Unfortunately, the bullet-proof case for net energy gain was not made at
the time. There is apparent gain, but not proved gain.
Brian Ahern ran the test for many days using a very high capacity
battery array. At the end of the test, the battery pack appeared to be
fully charged, but there's the rub "appeared to be".
LIPO batteries are well-known to present a pseudo voltage which is
higher than the average voltage, especially in a case where HV BMEF is
present ... and thus a large pack which seems fully charged could in
fact have lost a great deal of charge. That is because measuring the
voltage is the easy way to determine state of charge, and when it is
known that pseudo-voltage happens, the results cannot be relied on.

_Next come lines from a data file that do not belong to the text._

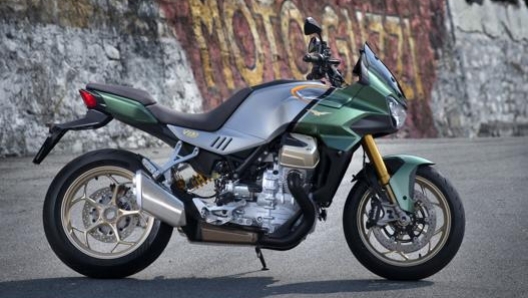 Eccola, finalmente: la nuova Moto Guzzi V100 Mandello verr prodotta in (almeno) due versioni.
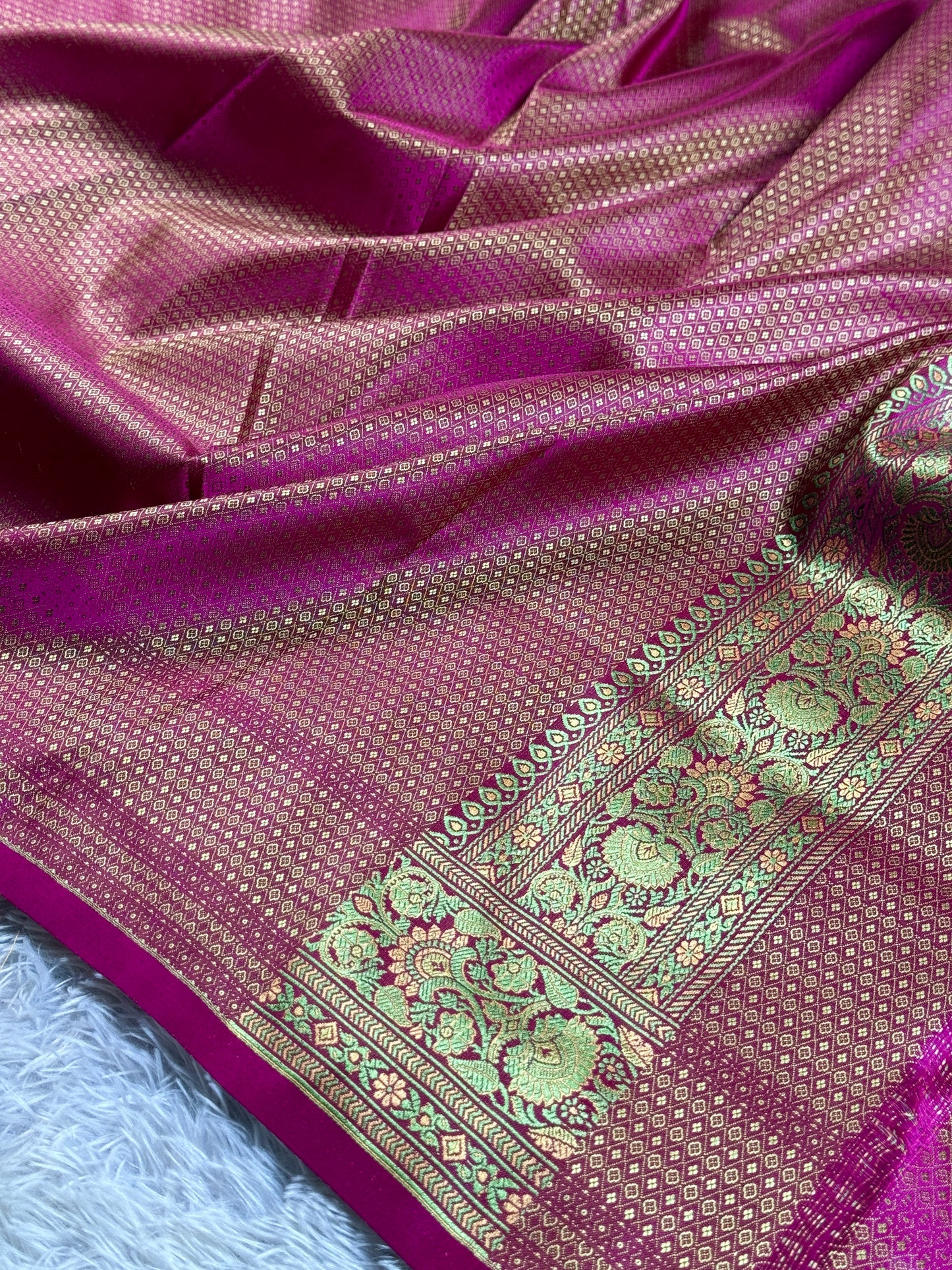 Pista color premium Banarasi katan jamawar tanchui silk saree JKT101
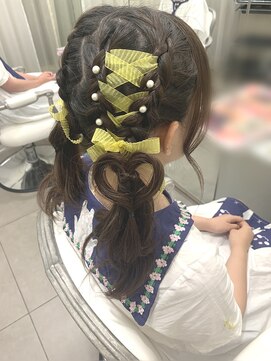 ピークヘア(PEAK HAIR) ヘアセット/量産型ヘアメ/リボン編み込みハート型ツインテール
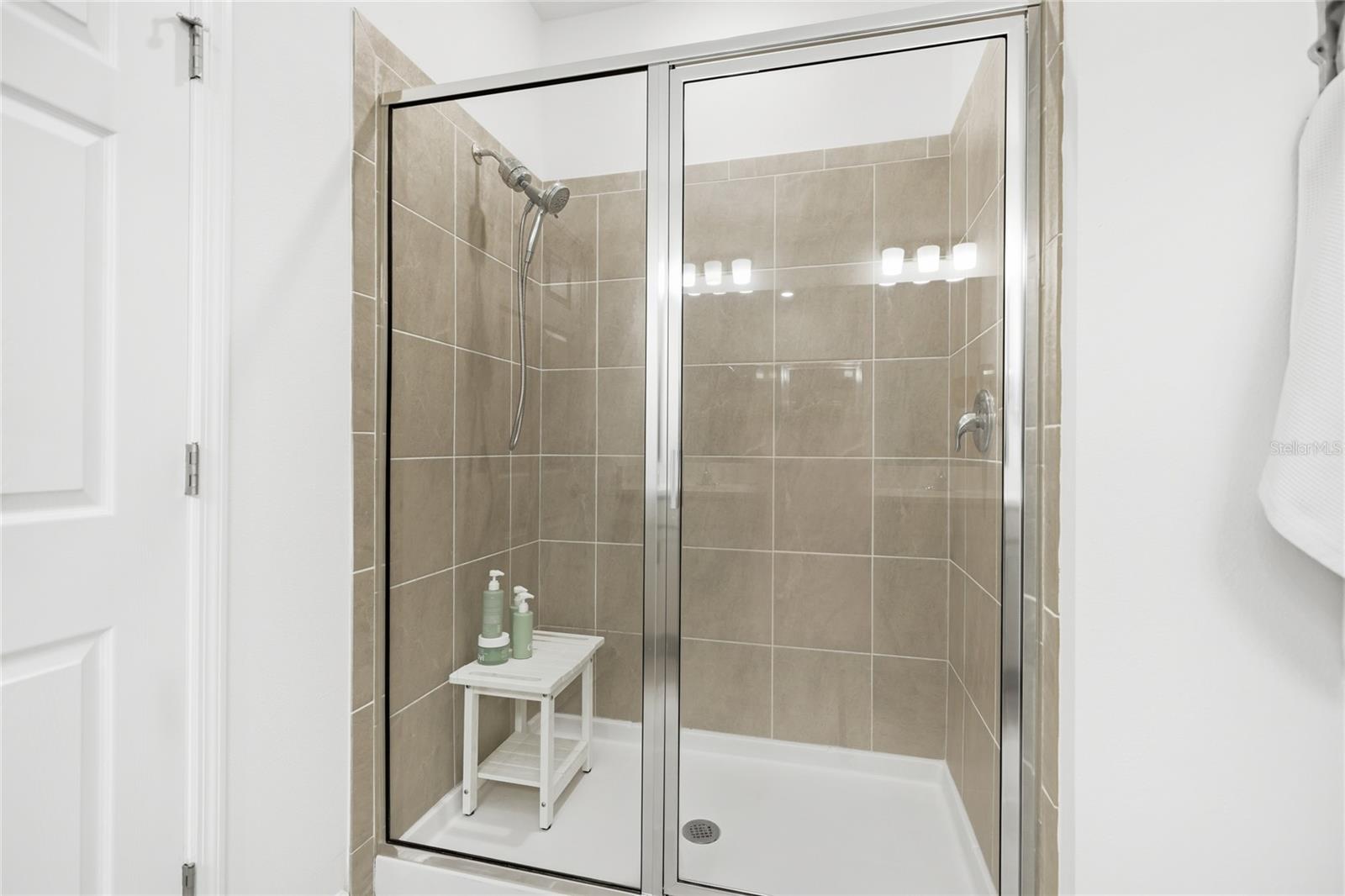 NAUTIQUE/WATERSIDE - Residential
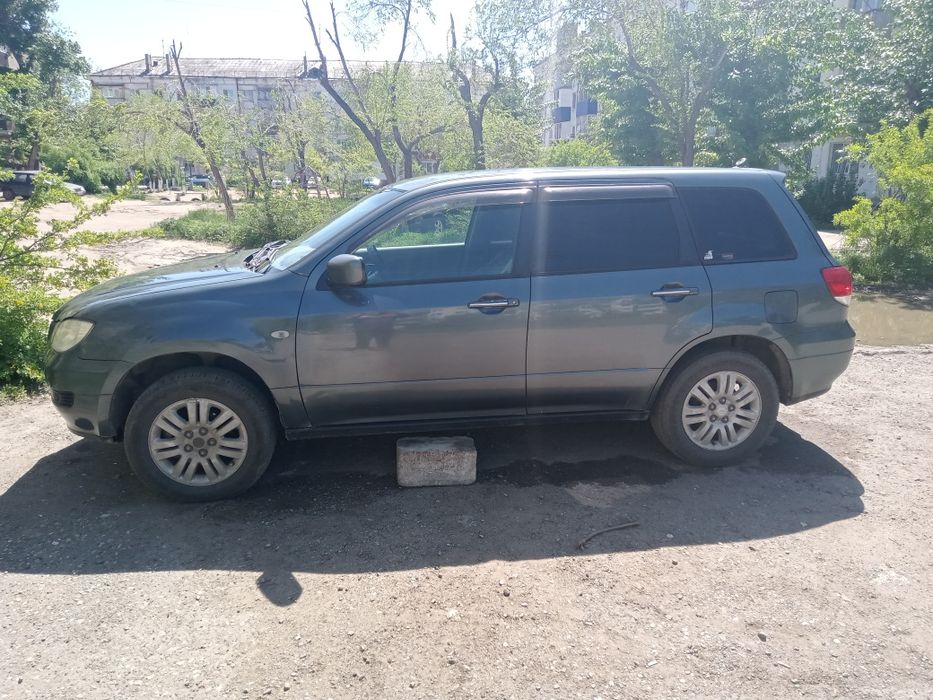 Митсубиси айртрек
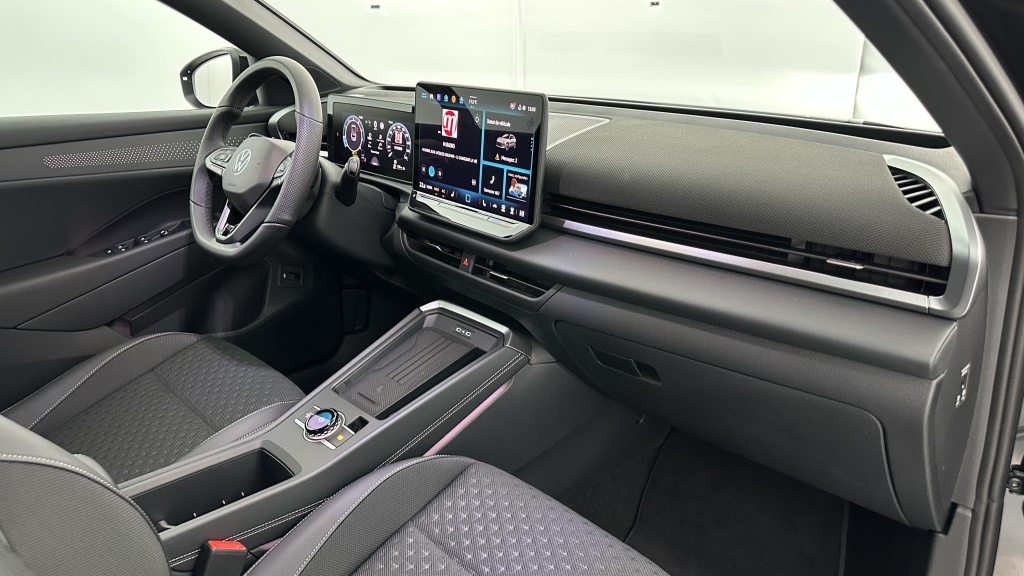 VOLKSWAGEN T-Roc 1.5 eTSI EVO2 Hybrid 150ch R-Line DSG7 - ref: 8-GLI00010012 - Photo 8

Bottom line. Although we want want to think the battery pack was fully
charged, the deal was not closed and doubt remains.
The best way to have made the case of real gain would have been to
actually drive the EV around until the battery pack was fully discharged
and then work backwards from the mileage driven to determine the real
state of charge at the start.
Sadly, circumstances prevented that from happening, so although it
appears there was gain, the level of proof does not support that
conclusion. Even more sadly, the inventor then became incapacitated and
the vehicle was sold. The remnants of the device (magnetic billet) have
been tested but there is still no good indication of the apparent gain
seen earlier.
The one detail which cannot be doubted is the cooling effect. That alone
is worth something.
Chris Zell wrote:
Another overlapping mechanism to add into the mix for the Manelas
effect, which is probably a "Maxwell's Demon" in its own special way
is related to the organizing mechanism mentioned by Chris... and it
has a name: Doppler cooling
Sounds kinda red shifty to me. Not sure how we extract energy from it.